Action item
The expected response is the full listing, retyped exactly, without its images.

Recorded information
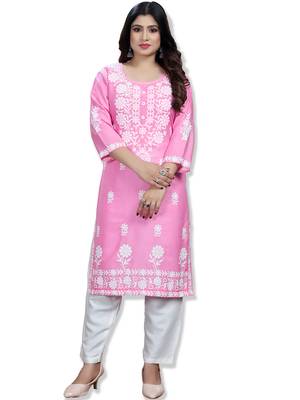 Pink rayon lucknowi chikankari mid-length straight kurta with white pant set 2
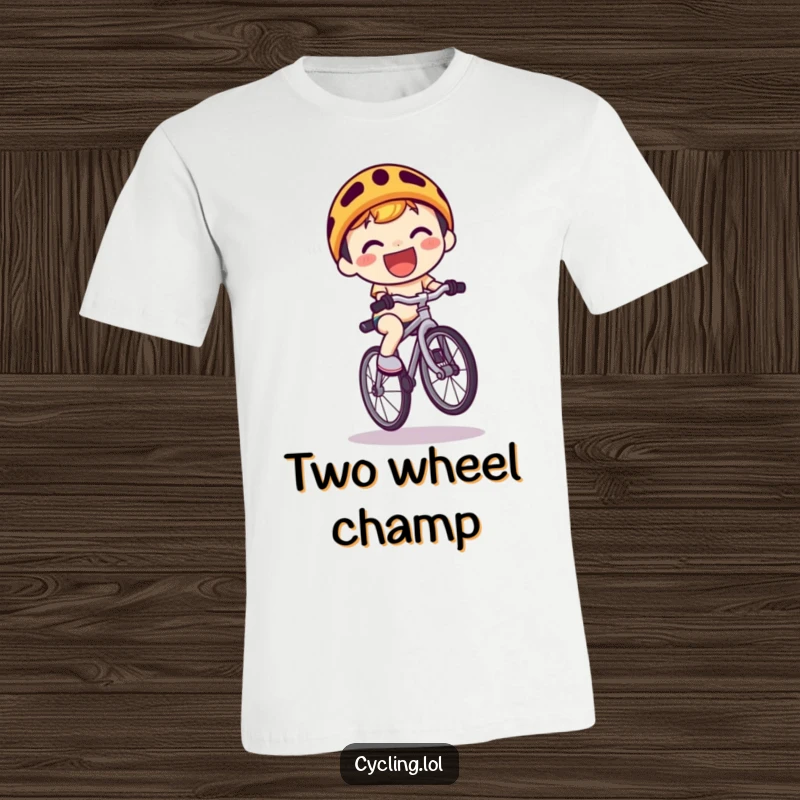 Funny T-Shirt: An adorable kawaii character grins broadly while expertly performing a bicycle wheelie with enthusiasm.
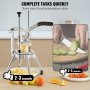 VEVOR vegetable chopper on a counter with sliced vegetables and prep time comparison to knife cutting.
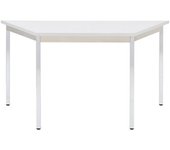 eurokraft basic Mesa multiuso, trapezoidal, H x A x P 740 x 1400 x 700 mm, tablero gris luminoso, armazón cromado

Written response
 Pink rayon lucknowi chikankari mid-length straight kurta with white pant set 2
 Funny T-Shirt: An adorable kawaii character grins broadly while expertly performing a bicycle wheelie with enthusiasm.
 VEVOR vegetable chopper on a counter with sliced vegetables and prep time comparison to knife cutting.
 eurokraft basic Mesa multiuso, trapezoidal, H x A x P 740 x 1400 x 700 mm, tablero gris luminoso, armazón cromado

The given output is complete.